Her current focus is preservice teacher education and she is leading an interdisciplinary team that is creating a personalized approach that prepares secondary science teachers. Along with a passion for science teacher education, she is committed to studying and examining the effects of novel teacher education programs. Her research in the area of science teacher education began with an examination of teachers observing and learning from each other, and expanded to studies of teachers working in diverse settings and teachers learning to create inquiry based lessons. More recently, her work has been focused on the development of beginning secondary science teachers.
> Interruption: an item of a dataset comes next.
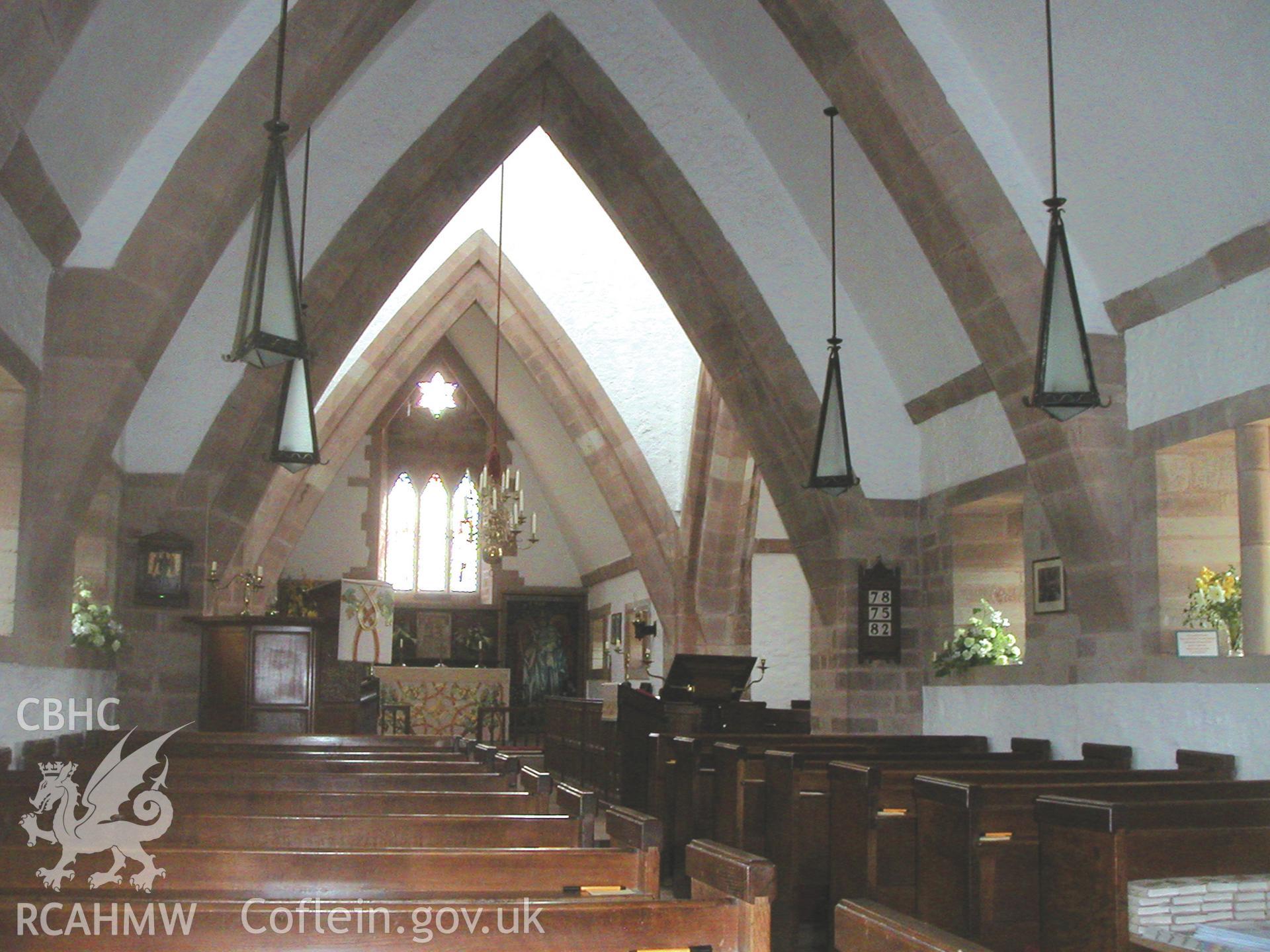 Digital image of interior view of All Saints, Brockhampton: 'Herbert Luck North. Arts and Crafts Architecture for Wales', page 94.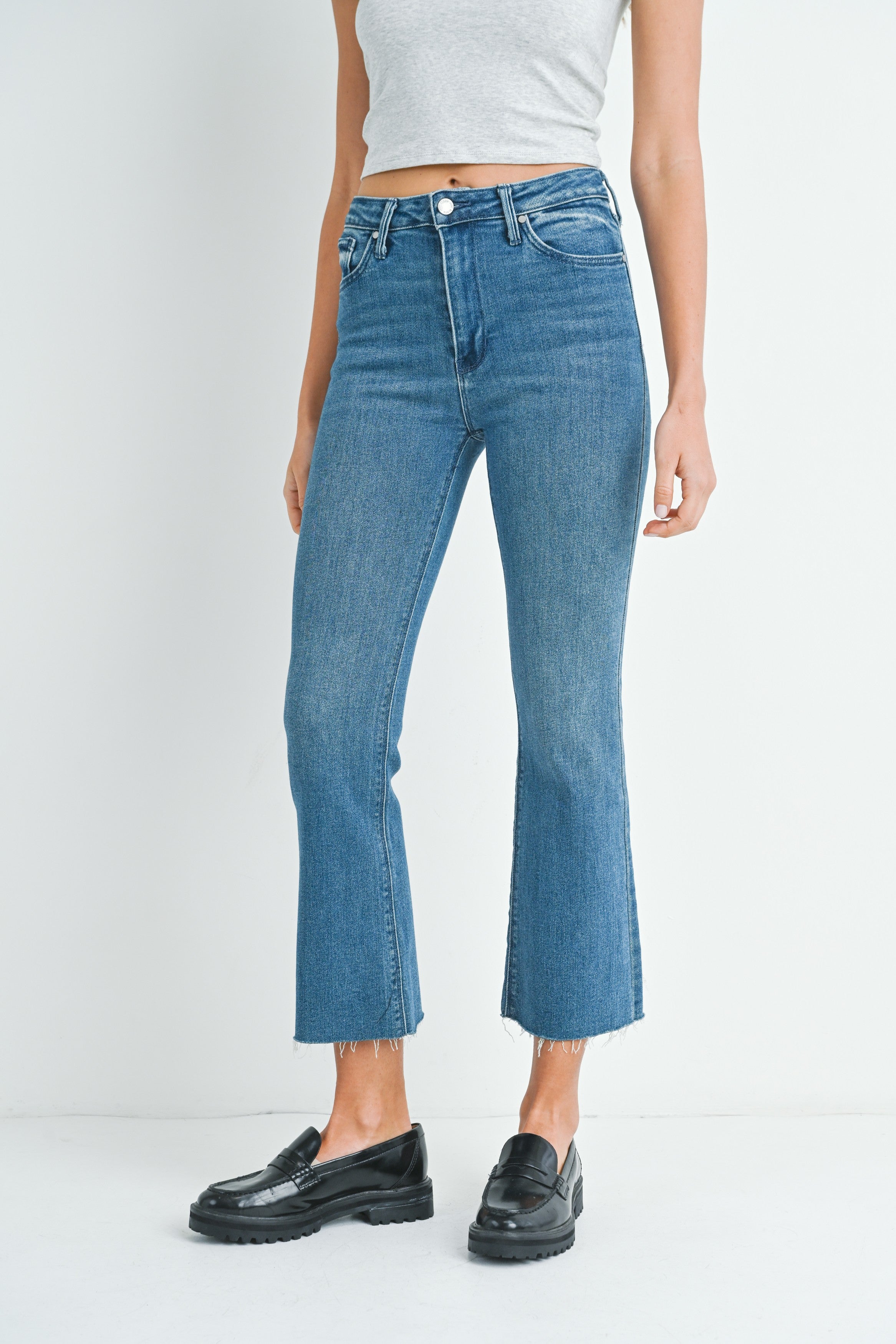 Cropped Denim Flare Jeans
She and her research team are currently following approximately 100 beginning secondary science teachers for 5 years. This study is funded by the National Science Foundation.   

Dr. Luft has written numerous research articles, book chapters, and editorials, and she has co-edited books that are on-line and free to all science educators. She has served as a board member and President of ASTE; an Associate Editor for the Electronic Journal of Science Education, Journal of Research in Science Teaching, and School Science and Mathematics; and she is currently the Research Director of the National Science Teachers Association, on the Board of NSTA, and the NSTA representative to the NARST Board.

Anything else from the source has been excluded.